It hits you almost as quickly as the humidity when you step off the plane—Nigeria is going through a currency crisis.
Even the pastor in our neighborhood area church worked it into his sermon. A prayer to have the kinds of jobs that pay in dollars instead of the shrinking naira. Amen.
Every conversation with senior executives, bankers, barbers, and street hawkers either begins or eventually makes its way to the naira’s parlous state. My taxi driver has just given me a mini-lecture on the roots of Nigeria’s foreign-exchange policy. He’s also recommended his dollar guy if I want to get a “good deal” on exchanging them for naira.
Nigeria has been on the edge in recent months, as locals watch the currency depreciate against the dollar at a rapid tick on the unofficial, but hugely influential parallel markets. Even amidst the turmoil, last week’s ride was particularly unsettling.
Although the central bank’s official rate is set at 198 naira to the dollar, on the unofficial parallel markets—which dominates most currency activity here—traders took 345 naira to the dollar at the start of the week of Feb. 22. It soon dropped further, reaching almost 400 naira. But then it strengthened and settled back near 300 naira by the end of the week. It’s now hovering around 340 naira to the dollar. In truth, these rates are imprecise and impressionistic, since they rely on informal networks of individuals and dealers responding to the forces of supply and demand.
The root of the turmoil has been the drop in oil prices over the past year and a half. Oil exports generate up to 90% of Nigeria’s foreign exchange-based revenue.
But it’s the government’s response to the problem that is causing controversy, and generating volatility.President Muhammadu Buhari has refused to “kill” the naira by devaluing the currency or relaxing its fixed-rate trading band. His reasoning—as it’s been communicated so far—is that a weaker currency means a weaker country.
In simple terms, what Buhari’s government wants to do is discourage the use of dwindling foreign-currency reserves for imports of non-essential items unrelated to key industries like energy, agriculture, and manufacturing. The idea is to reduce the country’s reliance on imports, promoting local goods instead. (Similar tactics can be seen in Russia and Venezuela, other petrostates battered by low oil prices.)

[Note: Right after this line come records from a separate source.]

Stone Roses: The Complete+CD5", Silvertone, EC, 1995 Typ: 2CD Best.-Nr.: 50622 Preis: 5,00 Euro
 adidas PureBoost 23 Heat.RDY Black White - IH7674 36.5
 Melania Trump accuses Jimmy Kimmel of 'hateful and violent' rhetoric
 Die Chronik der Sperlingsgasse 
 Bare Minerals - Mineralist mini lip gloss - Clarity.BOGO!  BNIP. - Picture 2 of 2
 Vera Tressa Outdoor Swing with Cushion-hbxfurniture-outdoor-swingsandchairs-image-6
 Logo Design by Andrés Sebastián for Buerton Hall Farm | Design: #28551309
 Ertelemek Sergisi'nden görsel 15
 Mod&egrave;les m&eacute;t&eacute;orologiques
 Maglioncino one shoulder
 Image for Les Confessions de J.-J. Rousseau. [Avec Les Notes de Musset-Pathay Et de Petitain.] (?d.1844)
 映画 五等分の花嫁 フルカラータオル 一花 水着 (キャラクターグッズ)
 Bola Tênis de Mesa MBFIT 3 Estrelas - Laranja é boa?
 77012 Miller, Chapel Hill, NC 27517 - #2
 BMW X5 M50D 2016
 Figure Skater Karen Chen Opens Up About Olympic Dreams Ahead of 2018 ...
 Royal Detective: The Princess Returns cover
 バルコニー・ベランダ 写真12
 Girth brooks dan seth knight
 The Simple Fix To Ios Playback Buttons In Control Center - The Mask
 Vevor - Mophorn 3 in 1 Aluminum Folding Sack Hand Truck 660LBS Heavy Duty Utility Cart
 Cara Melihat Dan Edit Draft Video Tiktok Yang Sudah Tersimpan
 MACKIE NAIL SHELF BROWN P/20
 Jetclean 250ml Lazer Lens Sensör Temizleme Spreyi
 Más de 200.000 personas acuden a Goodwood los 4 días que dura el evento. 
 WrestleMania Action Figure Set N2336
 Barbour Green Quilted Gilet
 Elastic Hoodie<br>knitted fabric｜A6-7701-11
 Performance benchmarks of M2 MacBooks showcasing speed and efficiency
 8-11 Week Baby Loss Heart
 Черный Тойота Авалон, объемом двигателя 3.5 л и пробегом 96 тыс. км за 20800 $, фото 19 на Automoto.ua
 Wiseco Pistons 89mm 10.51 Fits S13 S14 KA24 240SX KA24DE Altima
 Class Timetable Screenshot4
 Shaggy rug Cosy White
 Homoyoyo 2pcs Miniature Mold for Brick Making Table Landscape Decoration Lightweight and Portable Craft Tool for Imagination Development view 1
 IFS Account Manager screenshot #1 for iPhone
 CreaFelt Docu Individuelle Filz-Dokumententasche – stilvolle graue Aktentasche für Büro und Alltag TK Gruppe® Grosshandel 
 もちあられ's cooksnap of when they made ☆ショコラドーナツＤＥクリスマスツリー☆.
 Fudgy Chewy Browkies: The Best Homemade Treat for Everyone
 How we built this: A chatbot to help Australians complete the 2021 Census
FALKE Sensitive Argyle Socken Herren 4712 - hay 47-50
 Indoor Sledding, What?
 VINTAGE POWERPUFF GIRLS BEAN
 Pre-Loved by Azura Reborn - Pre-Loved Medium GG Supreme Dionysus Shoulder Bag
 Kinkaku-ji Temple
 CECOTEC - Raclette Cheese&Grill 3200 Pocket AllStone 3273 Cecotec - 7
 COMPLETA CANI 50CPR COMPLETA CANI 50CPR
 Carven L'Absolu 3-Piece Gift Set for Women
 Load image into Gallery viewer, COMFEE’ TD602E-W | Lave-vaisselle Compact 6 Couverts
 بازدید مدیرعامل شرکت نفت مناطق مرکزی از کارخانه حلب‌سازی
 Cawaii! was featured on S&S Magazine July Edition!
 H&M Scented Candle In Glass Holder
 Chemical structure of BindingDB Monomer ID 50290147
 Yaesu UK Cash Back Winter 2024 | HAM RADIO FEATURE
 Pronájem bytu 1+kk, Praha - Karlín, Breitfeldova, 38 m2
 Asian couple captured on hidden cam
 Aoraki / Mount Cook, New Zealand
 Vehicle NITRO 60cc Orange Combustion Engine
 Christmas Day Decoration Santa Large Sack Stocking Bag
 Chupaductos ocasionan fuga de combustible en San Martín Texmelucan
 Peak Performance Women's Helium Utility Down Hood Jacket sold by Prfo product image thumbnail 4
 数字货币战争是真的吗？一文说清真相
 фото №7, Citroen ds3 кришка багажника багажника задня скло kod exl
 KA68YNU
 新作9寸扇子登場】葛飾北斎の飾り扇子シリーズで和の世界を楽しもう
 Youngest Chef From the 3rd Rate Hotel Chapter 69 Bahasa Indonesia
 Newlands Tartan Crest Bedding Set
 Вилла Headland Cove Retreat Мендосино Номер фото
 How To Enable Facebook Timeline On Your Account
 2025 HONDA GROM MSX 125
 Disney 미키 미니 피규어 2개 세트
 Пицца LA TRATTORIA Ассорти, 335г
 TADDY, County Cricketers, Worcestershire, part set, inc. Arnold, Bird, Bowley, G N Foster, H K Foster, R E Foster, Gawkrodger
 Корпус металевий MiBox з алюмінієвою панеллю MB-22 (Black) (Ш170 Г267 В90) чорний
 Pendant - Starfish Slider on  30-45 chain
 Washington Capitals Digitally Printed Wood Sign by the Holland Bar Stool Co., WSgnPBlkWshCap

In the government’s defense, if you’re stuck in Lagos traffic it’s amazing the range of “frivolous” luxury chocolates, high-end toilet seats, and Encyclopedia Britannia sets you’ll find thrust in your face by eager street hawkers. Oh, and let’s not forget the Nigerian flags for sale, as Lagos’s resourceful street hawkers can also do irony.
Meanwhile, many economists have argued that Nigeria needs to devalue the naira. Last week, the IMF weighed in, saying Nigeria’s central bank needs to devalue its currency in order to achieve its goal of growing the economy by 4.9% in 2017—up from 3.2% this year. But there are arguments on the other side too, from some economists and (mainly) government insiders.
Part of the problem stems from uncertainty about the government’s economic strategy. Per usual, Nigerians fill in the gaps with speculation and rumor.
No one was able to explain the rapid descent of the naira early last week or its even more surprising rebound. Some people figure the strengthening was due to the end of the Chinese New Year holiday. The theory is that that since Nigerian traders do a huge amount of business with China, there was a huge influx of dollars into Nigeria when those partners returned to work. The problem is that the holiday ended on Feb. 14, nearly 10 days before the rebound.
Others claim there’s a lot of “hot money” connected to corrupt people from previous regimes trying to launder their ill-gotten gains. There’s no evidence of such a thing, but you can be sure the rumors are being argued vociferously in bars up and down the country.
It’s a never-ending discussion on TV news shows and in local shops. Retailers and businesspeople blame every wiggle in prices on the exchange rate. The standard response to my protests at a surprise increase in the price of goods or services prompts the catch-all: “Sorry brother, it’s this dollar problem.”